LES   RÉVOLUTIONS  DE  FRANCE  ET  DE  BRABANT

En septembre 1789, Camille Desmoulins, matériellement et moralement, n' était pas heureux. Logé à l' Hôtel de Pologne, en face de l'Hôtel de Nivernais, il était besoigneux, et demande plus d'une fois à ses parents, aux braves gens de Guise de lui venir en aide. "Vous m'obligeriez de m'envoyer des chemises et deux paires de draps, le plus promptement possible", écrit-il le 20 septembre. Il est fatigué d'habiter ces petits hôtels parisiens. "Je compte être dans mes meubles à la Saint-Rémy" - "Envoyez-moi six louis, dit-il bientôt encore à son père."

Ses premières brochures lui ont sans doute rapporté peu de chose. Mais du moins il a la gloire : " Je me suis fait un nom, et je commence à entendre dire: Il y a une brochure de Desmoulins, et non plus "d'un auteur appelé Desmoulins" .

En plus d'un nom, Camille se faisait des amis. L'auteur du Tableau de Paris, Mercier, l'avait présenté dans plusieurs maisons. Mirabeau s'était constitué son hôte. Là, chez Mirabeau, à Versailles, Camille se trouvait à l'aise et il écrivait gaiement : " Je sens que sa table trop délicate et trop chargée me corrompt. Les vins de Bordeaux et son marasquin ont leur prix que je cherche vainement à me dissimuler, et j'ai toutes les peines du monde à reprendre ensuite mon austérité républicaine et à détester les aristocrates, dont le crime est de tenir à ces excellents dîners."
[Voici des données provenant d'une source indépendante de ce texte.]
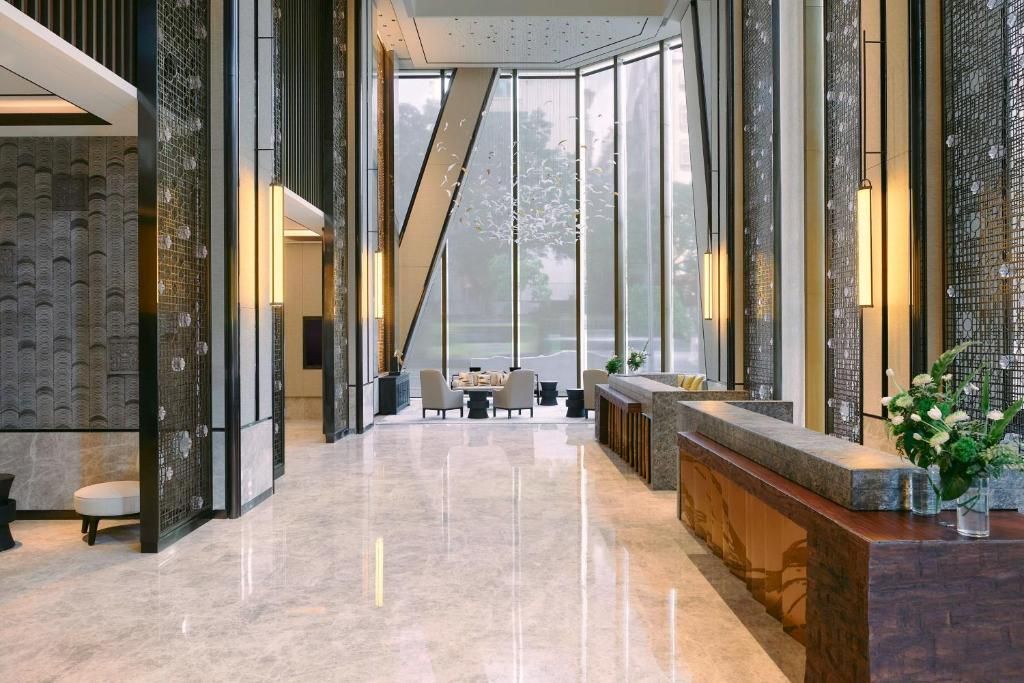 Kempinski Residences фото 15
Pour le moment, Desmoulins suit évidemment l'inspiration de Mirabeau, comme il suivra plus tard celle de Danton. Plus ou moins satisfait de sa renommée grandissante, au fond mécontent encore et troublé, se soucie toujours du qu'en dira-t-on de sa ville natale et des propos que peuvent recueillir ses parents: " Si vous entendez dire du mal de moi, dit-il, consolez-vous par le souvenir du témoignage que m'ont rendu MM. de Mirabeau, Target, M. de Robespierre, Gleizal et plus de deux cents députés. Pensez qu'une grande partie de la capitale me nomme parmi les principaux auteurs de la Révolution. Beaucoup vont même jusqu'à dire que j'en suis l'auteur."
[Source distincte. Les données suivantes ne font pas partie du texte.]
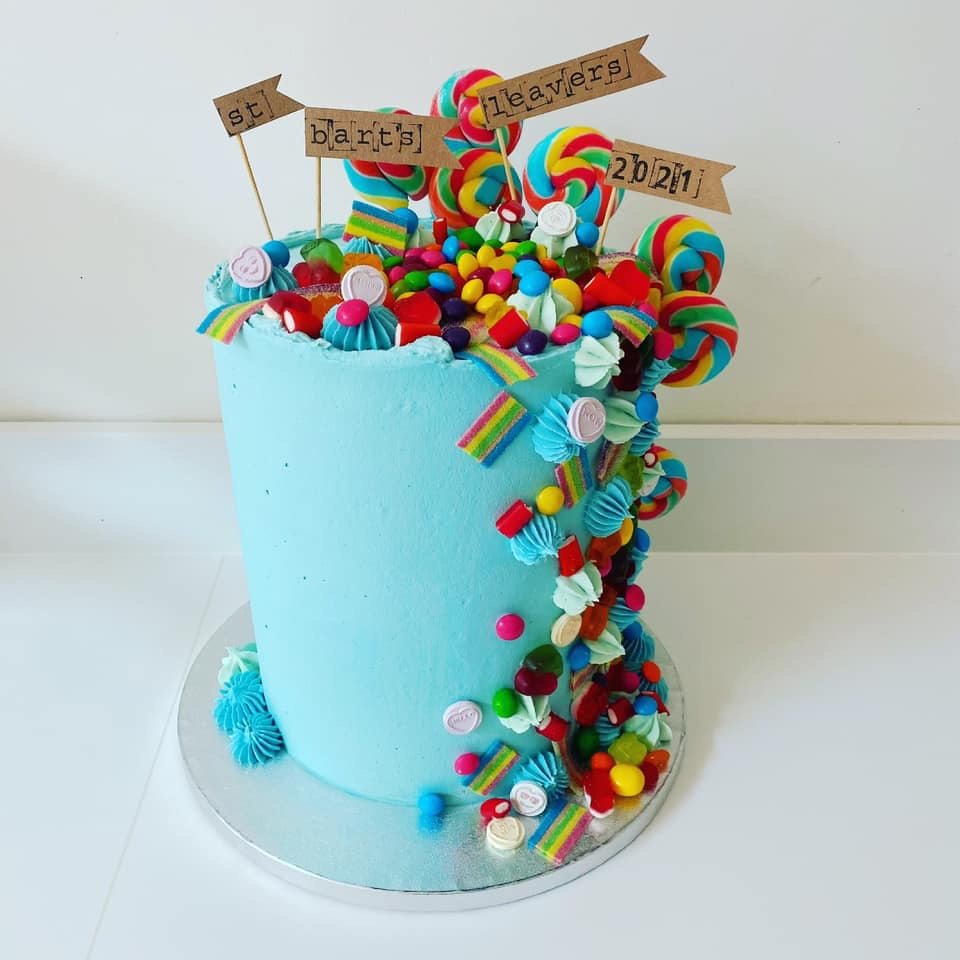 Bespoke cake by Sarah Bakes Cakes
Ici, Camille force un peu la note. Mais son amour-propre a bientôt de quoi se sentir légèrement rabattu lorsque l'hôte de Mirabeau, revenant de Versailles, songe qu'il n'a pour gîte, dans ce grand Paris, qu'une hôtellerie de second ou troisième ordre. "Et voilà que j'ai trente ans ! " dit-il avec une sorte d'amertume effrayée ; l'âge où, après avoir compté ses amis, on ne compte plus que ses rivaux. Camille avait trente ans et il végétait ? Il résolut alors de ne plus se contenter de quelques pages imprimées sous forme de brochure, il voulut fonder un journal personnel, et dès le mois de novembre 1789, il se mettait hardiment à l'oeuvre.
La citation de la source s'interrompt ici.